WHAT NEEDS TO BE DONE -
In the listing below, find the line with "Kodėl aplink raineles" and copy every line from there up to and including the line with "Woman with bruises", exactly and without pictures.

EXERCISE INPUTS -
****************

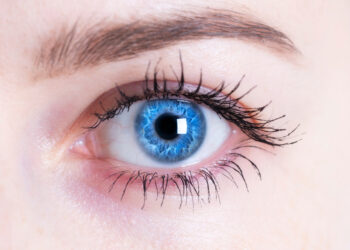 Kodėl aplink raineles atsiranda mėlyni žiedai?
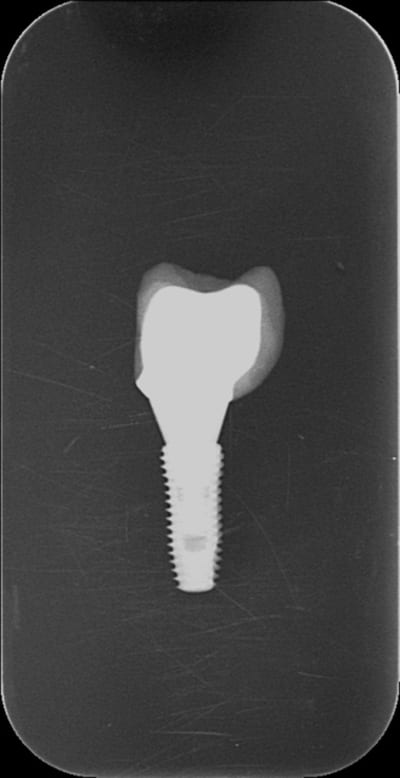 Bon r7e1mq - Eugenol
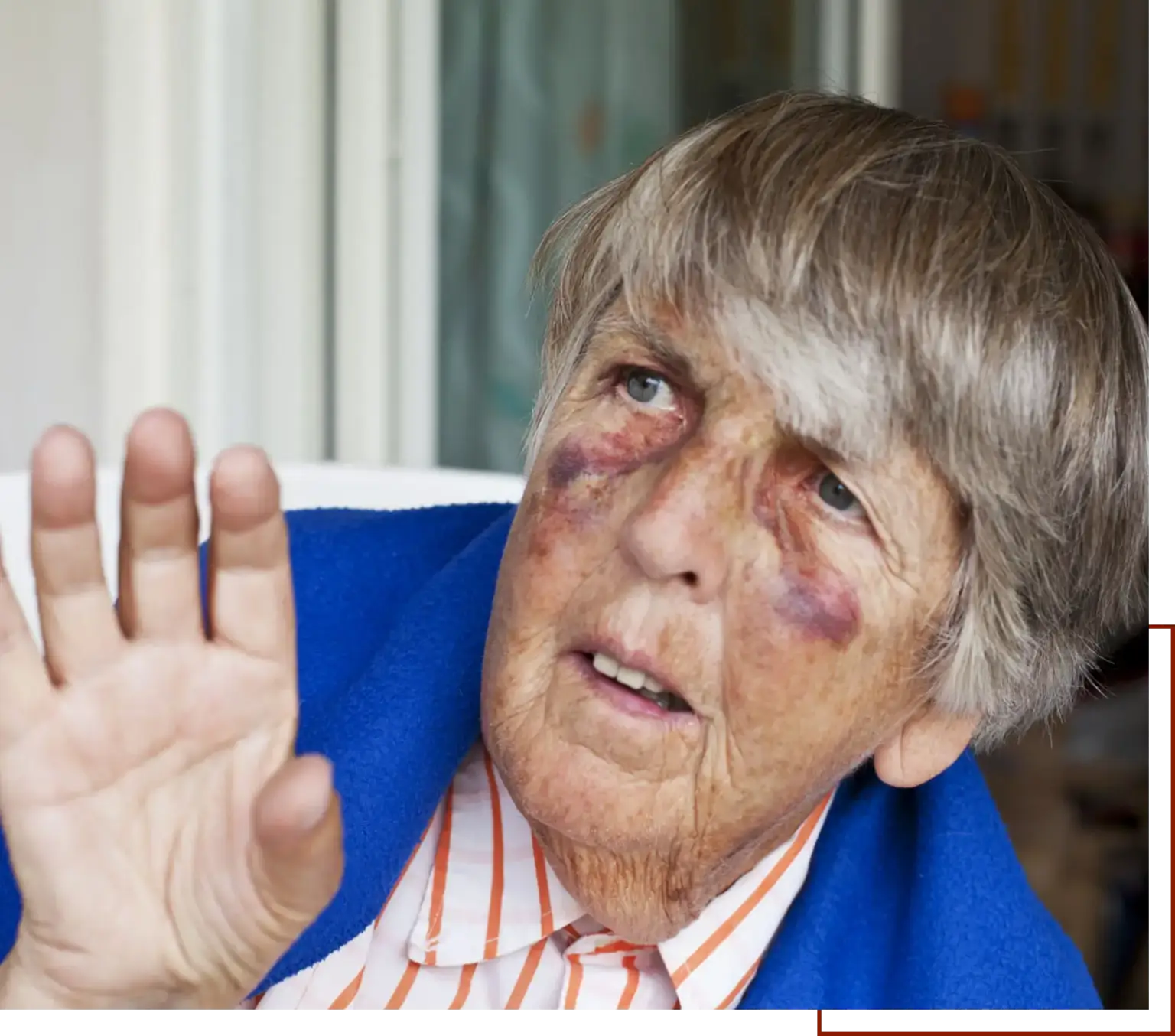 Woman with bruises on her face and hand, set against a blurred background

****************

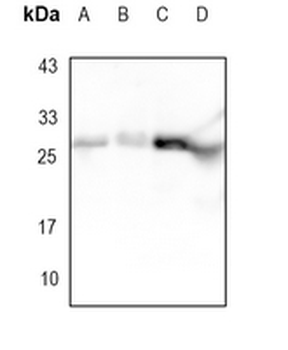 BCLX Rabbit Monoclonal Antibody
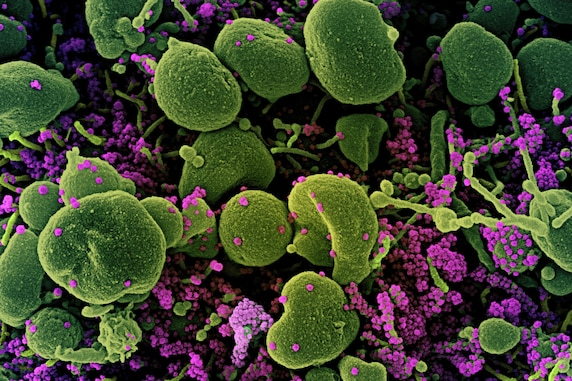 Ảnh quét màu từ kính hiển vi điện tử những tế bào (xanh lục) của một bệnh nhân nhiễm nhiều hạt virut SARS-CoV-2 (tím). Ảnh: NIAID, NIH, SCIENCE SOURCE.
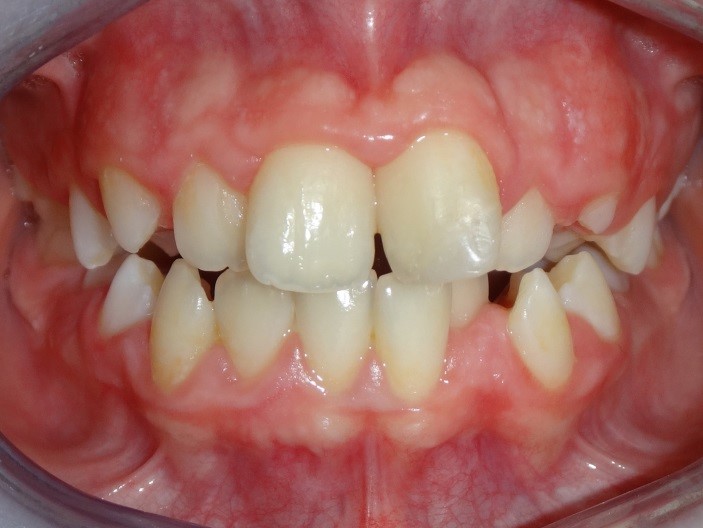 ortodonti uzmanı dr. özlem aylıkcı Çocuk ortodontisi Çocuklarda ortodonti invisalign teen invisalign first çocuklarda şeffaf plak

****************

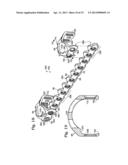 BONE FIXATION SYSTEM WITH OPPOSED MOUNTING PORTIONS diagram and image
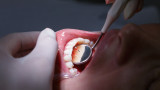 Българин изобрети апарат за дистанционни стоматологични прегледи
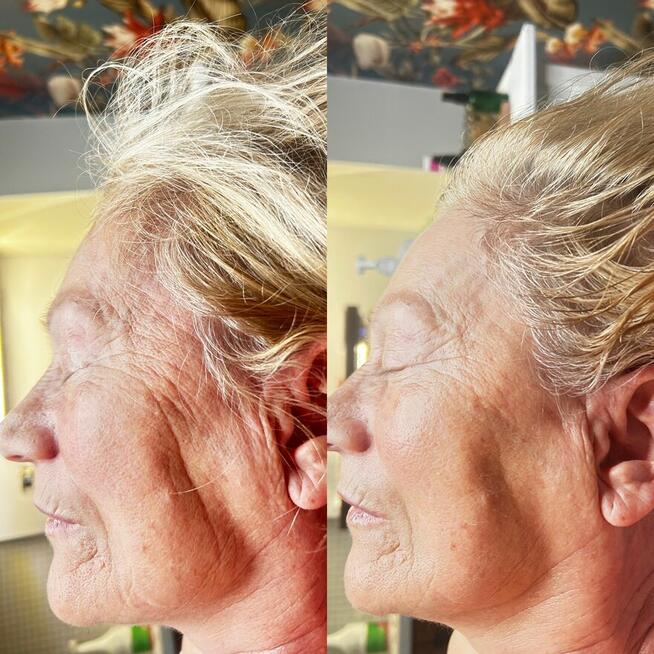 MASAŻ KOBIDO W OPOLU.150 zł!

****************

SOLUTION FOR THIS EXERCISE -
 Kodėl aplink raineles atsiranda mėlyni žiedai?
 Bon r7e1mq - Eugenol
 Woman with bruises on her face and hand, set against a blurred background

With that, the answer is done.